THE PROBLEM – Transcribe all the entries word for word, omitting any pictures they contain.

PROVIDED RECORDS –
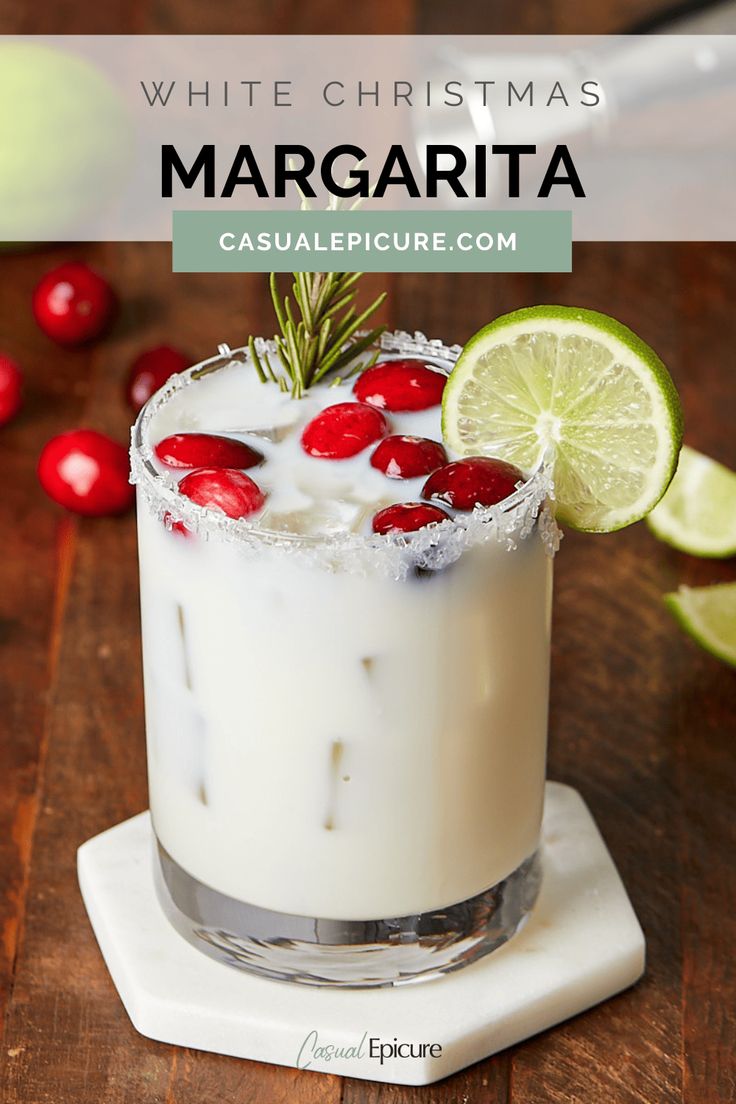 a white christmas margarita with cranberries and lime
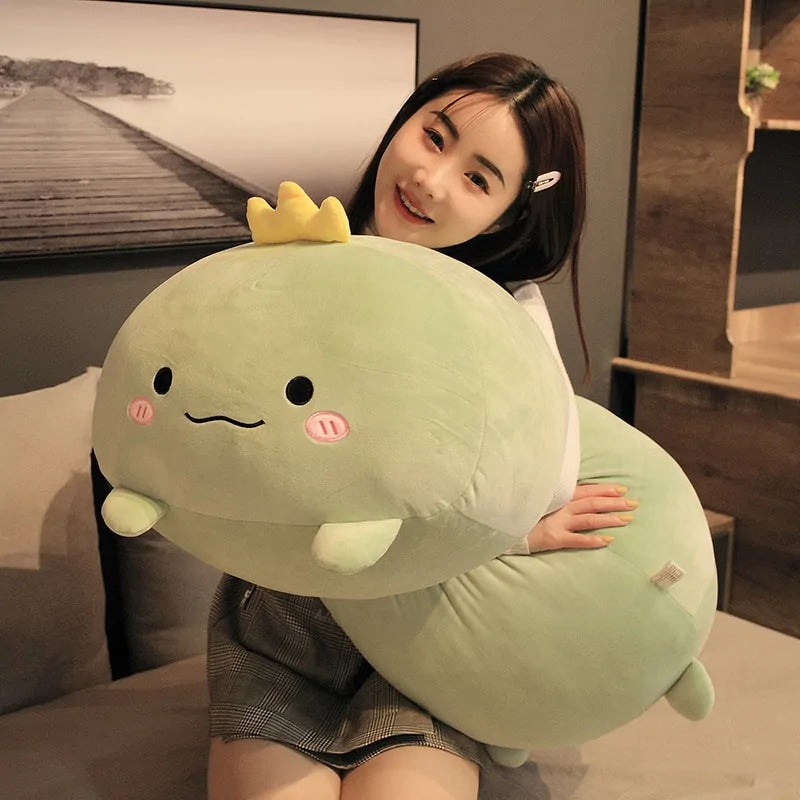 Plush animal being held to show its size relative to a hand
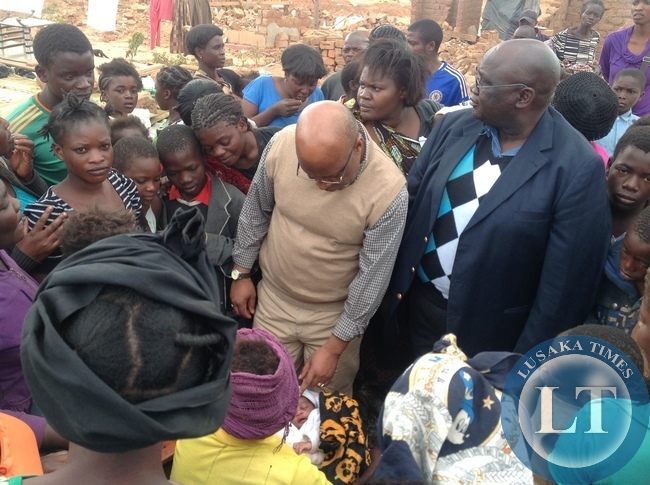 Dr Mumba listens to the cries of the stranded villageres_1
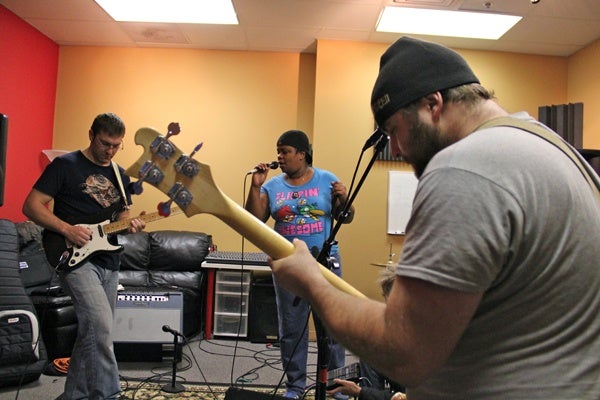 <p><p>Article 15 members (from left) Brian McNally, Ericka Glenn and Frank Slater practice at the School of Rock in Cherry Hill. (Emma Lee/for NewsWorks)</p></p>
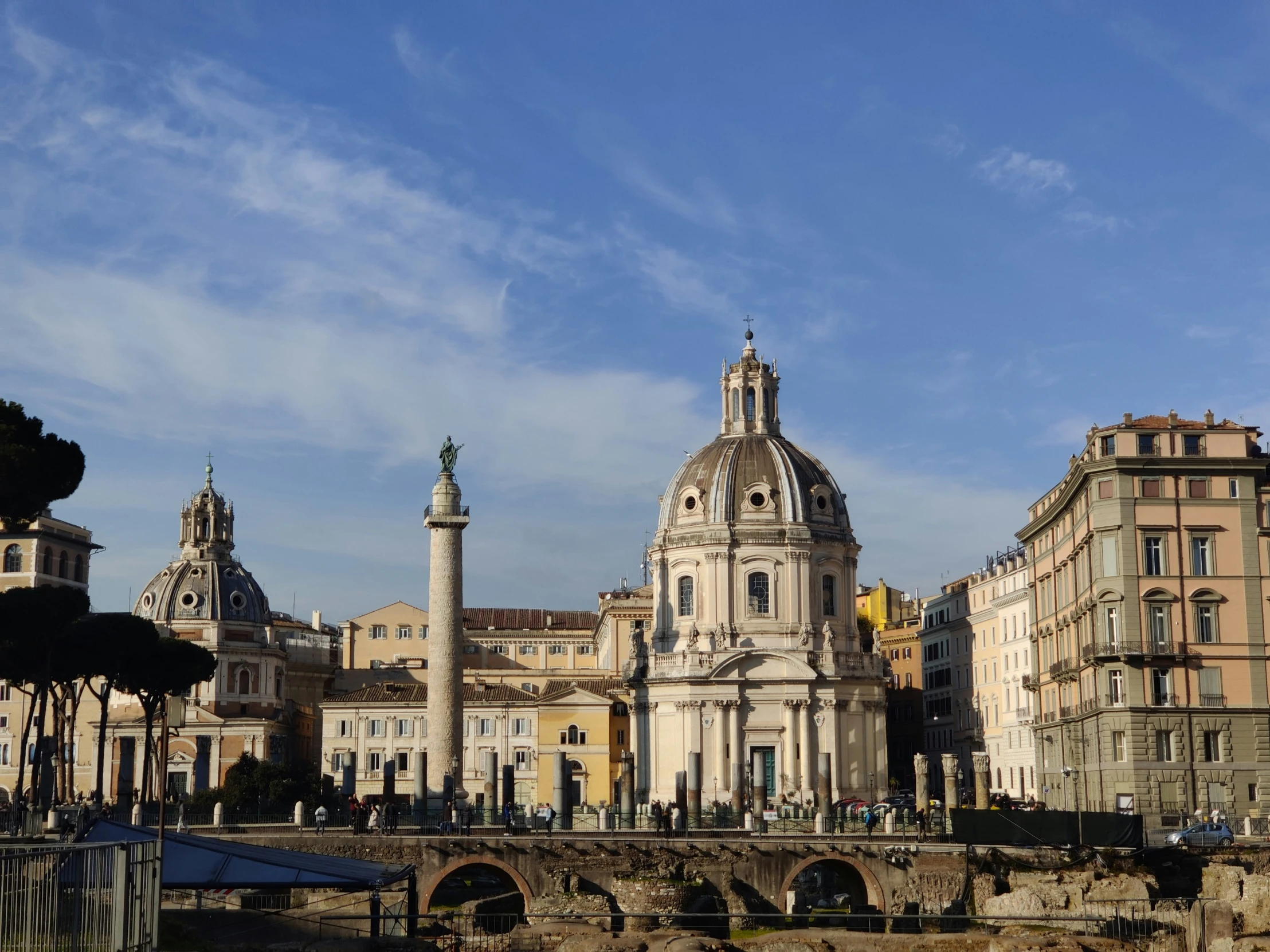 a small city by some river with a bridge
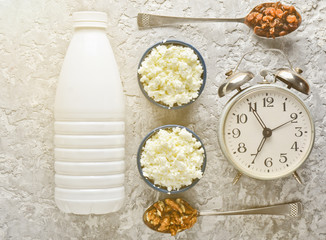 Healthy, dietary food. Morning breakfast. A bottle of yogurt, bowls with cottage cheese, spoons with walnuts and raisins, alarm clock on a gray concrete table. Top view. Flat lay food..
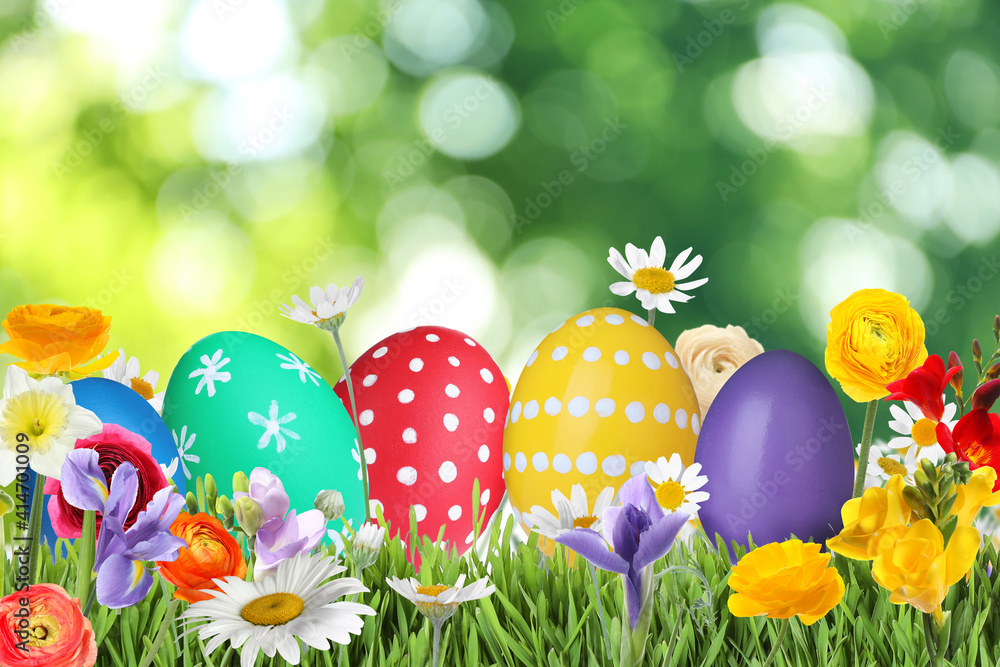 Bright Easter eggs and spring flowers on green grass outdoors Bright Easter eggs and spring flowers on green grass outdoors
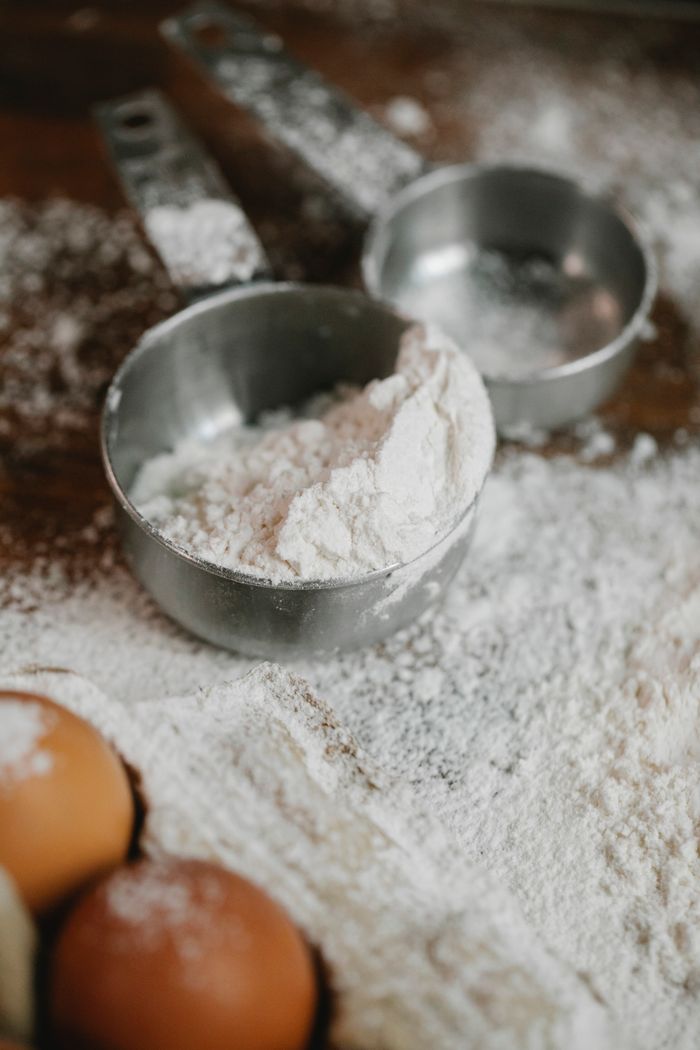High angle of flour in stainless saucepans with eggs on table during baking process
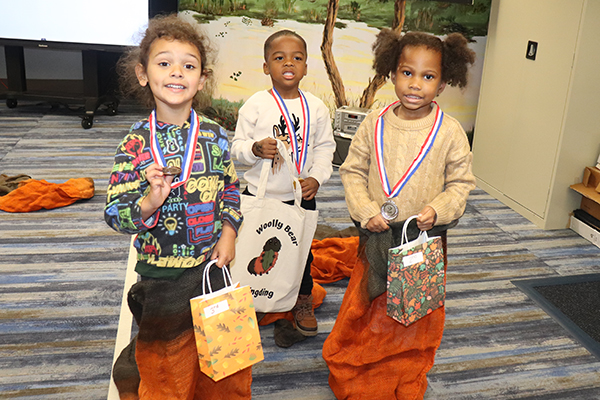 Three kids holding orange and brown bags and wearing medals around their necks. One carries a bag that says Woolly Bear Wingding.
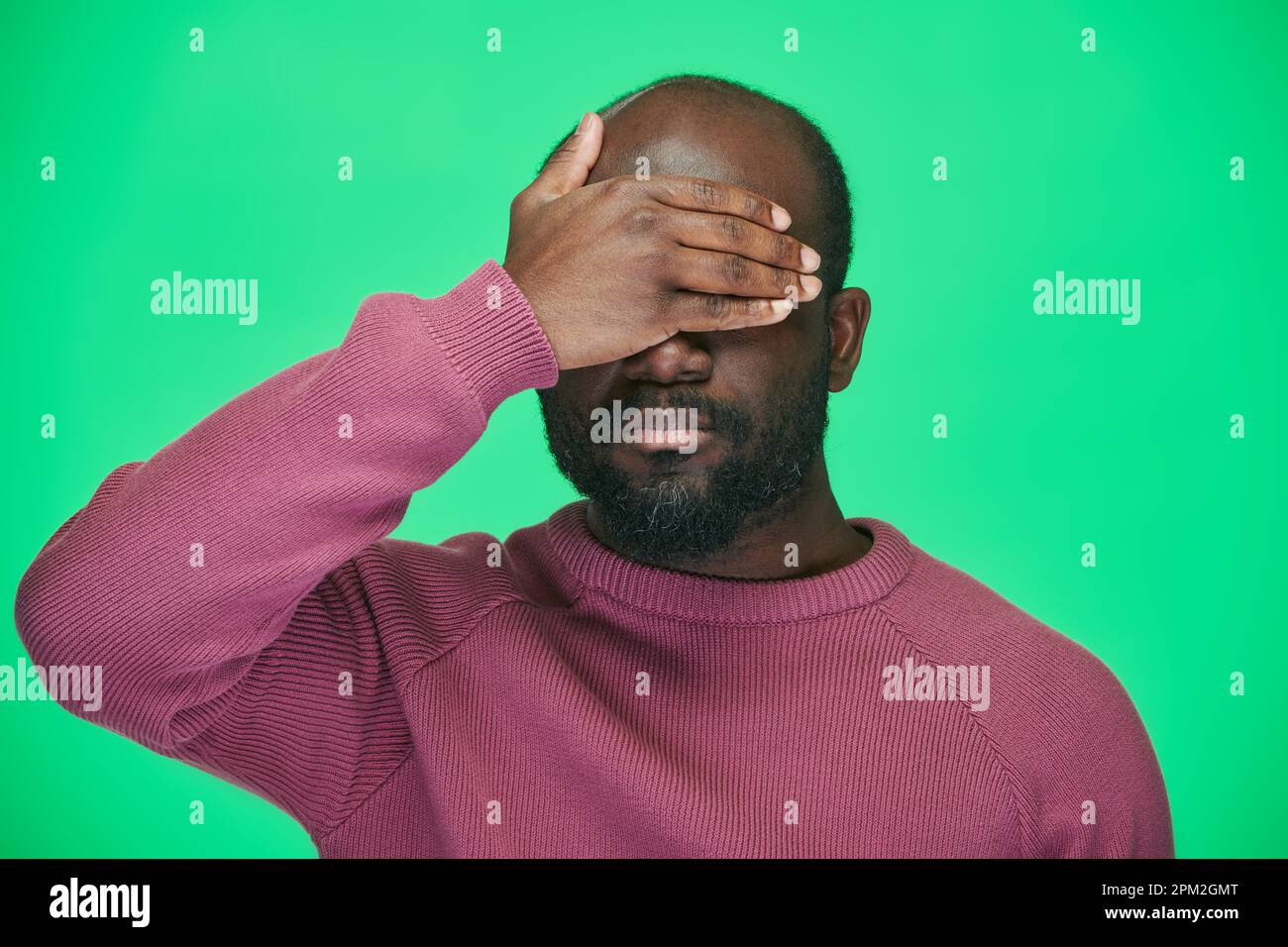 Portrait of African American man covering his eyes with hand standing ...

ANSWER TO THIS EXERCISE –
 a white christmas margarita with cranberries and lime
 Plush animal being held to show its size relative to a hand
 Dr Mumba listens to the cries of the stranded villageres_1
 <p><p>Article 15 members (from left) Brian McNally, Ericka Glenn and Frank Slater practice at the School of Rock in Cherry Hill. (Emma Lee/for NewsWorks)</p></p>
 a small city by some river with a bridge
 Healthy, dietary food. Morning breakfast. A bottle of yogurt, bowls with cottage cheese, spoons with walnuts and raisins, alarm clock on a gray concrete table. Top view. Flat lay food..
 Bright Easter eggs and spring flowers on green grass outdoors Bright Easter eggs and spring flowers on green grass outdoors
High angle of flour in stainless saucepans with eggs on table during baking process
 Three kids holding orange and brown bags and wearing medals around their necks. One carries a bag that says Woolly Bear Wingding.
 Portrait of African American man covering his eyes with hand standing ...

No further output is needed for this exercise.